Наконец, отметим, что синтаксически разорванных, несинтагматических строк на мечты у Пушкина только две («Мечтами легкие мечты»; «Нет, нет, не грезы, не мечты») — 5 %, тогда как на односложное ты было 39 %: видимо, существенно, что в строках на мечты меньше четырехсловных, а трехсловным и тем более двухсловным строкам легче сохранять свое синтаксическое единство. В сравнительном материале несинтагматических строк больше, чем у Пушкина, 11 %: «Пускай тебе сии мечты» (Языков); «Что делать? новые мечты» (Лермонтов) и т. п., — видимо, это стремление продолжателей умерить синтагматичность своего образца есть явление того же порядка, что и стремление умерить клишированность своего образца.
Аналогично строкам на мечты строятся и строки на грамматически аналогичное слово черты: из 11 строк 7 образуют знакомые нам клише Твои небесные черты и Представить ясные черты (63 %, даже больше, чем 57 % в строках на мечты).
Перейдем, наконец, к строкам, заканчивающимся трехсложным словом на — ты.

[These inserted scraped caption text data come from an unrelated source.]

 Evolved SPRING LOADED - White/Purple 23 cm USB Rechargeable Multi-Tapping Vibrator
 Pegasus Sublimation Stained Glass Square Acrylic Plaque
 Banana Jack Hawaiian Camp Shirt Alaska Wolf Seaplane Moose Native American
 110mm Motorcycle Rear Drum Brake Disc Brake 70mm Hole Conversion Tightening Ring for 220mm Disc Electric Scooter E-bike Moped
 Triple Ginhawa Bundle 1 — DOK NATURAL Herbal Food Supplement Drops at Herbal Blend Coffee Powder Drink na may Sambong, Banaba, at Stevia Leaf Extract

Порознь их слишком мало (самое частое слово, красоты, — только 18 раз), поэтому попробуем рассмотреть синтаксические конструкции всех этих строк вместе. 7 строк из 46 — двухсловные (15 %), остальные — трехсловные. 1 строка кончается на краткую форму причастия («И пеньем были заняты»), 5 строк — на существительные в именительном падеже множественного числа («Утаены их красоты»; «Парнаса блещут высоты»; «Мундир и сабля — суеты!» и т. п.), остальные — на существительные в родительном падеже единственного числа. Эти 40 строк мы и будем рассматривать. В сопоставительном материале — 312 строк, из них одна — на отняты, одна — на лоскуты (существительное мужского рода) и 33 — на множественное число (из них 17 — у Ломоносова, Сумарокова, Державина, «Одни на свете суеты» и т. п.). Остальные 277 строк и привлекаются для сравнения.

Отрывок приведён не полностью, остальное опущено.